The only aspect of the principle that money follows the patient in the NHS is that there are different groups, such as fund-holding GPs, which can determine where within the NHS a patient can go. It is a different model and I hope that we are not aiming for it. While the term “Dutch model” is frequently used, the Minister will realise that when he entered into coalition with his partners in the Labour Party, the synthetic model which emerged from both parties’ laudable health policies resembles to a much greater extent the German model. It is the “Deutsch”, not the “Dutch”.

In 120 years time, I hope people refer to the “Reilly model” of health care the way they now refer to the “Bismarck model”. The Minister is right that we have an opportunity to do something entirely new here.

….. It was not named after the ship. It was named after the Iron Chancellor who in 1885 introduced what has become the longest, most durable, most successful, most resilient and most admired health system of any country. It is a system based on social solidarity, social democracy and treatment according to need not ability to pay. It is a system based not on the state running everything but on the state ensuring that there is a level playing field for everybody who comes into it.
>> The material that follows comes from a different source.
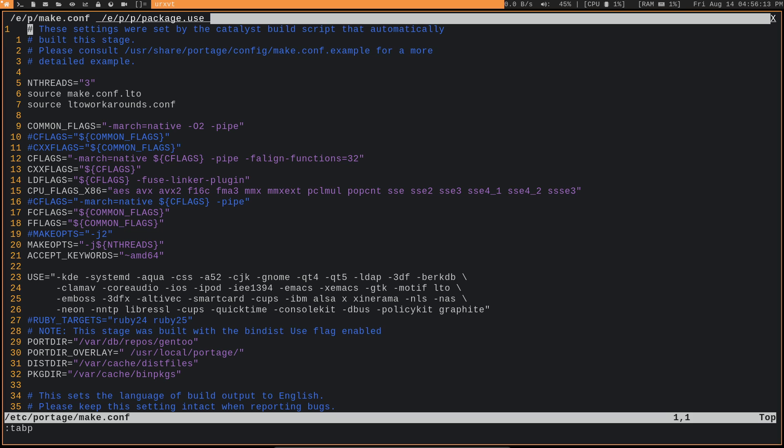One of you recently asked me about use flags in one of my videos because, as you can see, I have a lot of them set in my make.conf. I'm pretty sure I already made a video about this, but I'll make another one. I'm probably more knowledgeable about use flags now than I was back then anyway, since I've been playing with Gentoo for a longer time now.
It is the model we need to emulate.

I ask the Minister to look critically at some of the way-station reforms which have been made in terms of things like hospital groups and national contracts and understand that the ultimate logic of where we are going with this is that many of the way stations will be obsolete and anachronistic. In the new dispensation, one may have very different kinds of doctors working. There may be doctors who are entirely private but take patients coming with their insurance instruments who would currently be called public patients. There will hopefully be doctors – I would love to be one if the opportunity arose – who are employees of a medical school and real professors unlike the situation we have now where we have nearly no one in that role. We may have some doctors who elect to work part-time in Government hospitals while others elect to work in partnerships with for-profit clinics. There will be different models available. What everyone will have is the same freely negotiable insurance cover. One can pick and choose the kind of doctor or hospital one wants to go to. In this system, large State-run hospital groups may not find themselves in a favourable competitive environment. The notion of having fixed national contracts for all doctors as if they all had the same unitary employer may not be feasible.

I wish the Minister well with his reforms. I am hopeful and confident that he will be in the chair he is in now to see through those reforms for the most part during the term of the current Government. It is potentially historic for our health service if these reforms come to pass. I ask the Minister not to waver, to keep pushing and to avoid being taken captive by the Civil Service.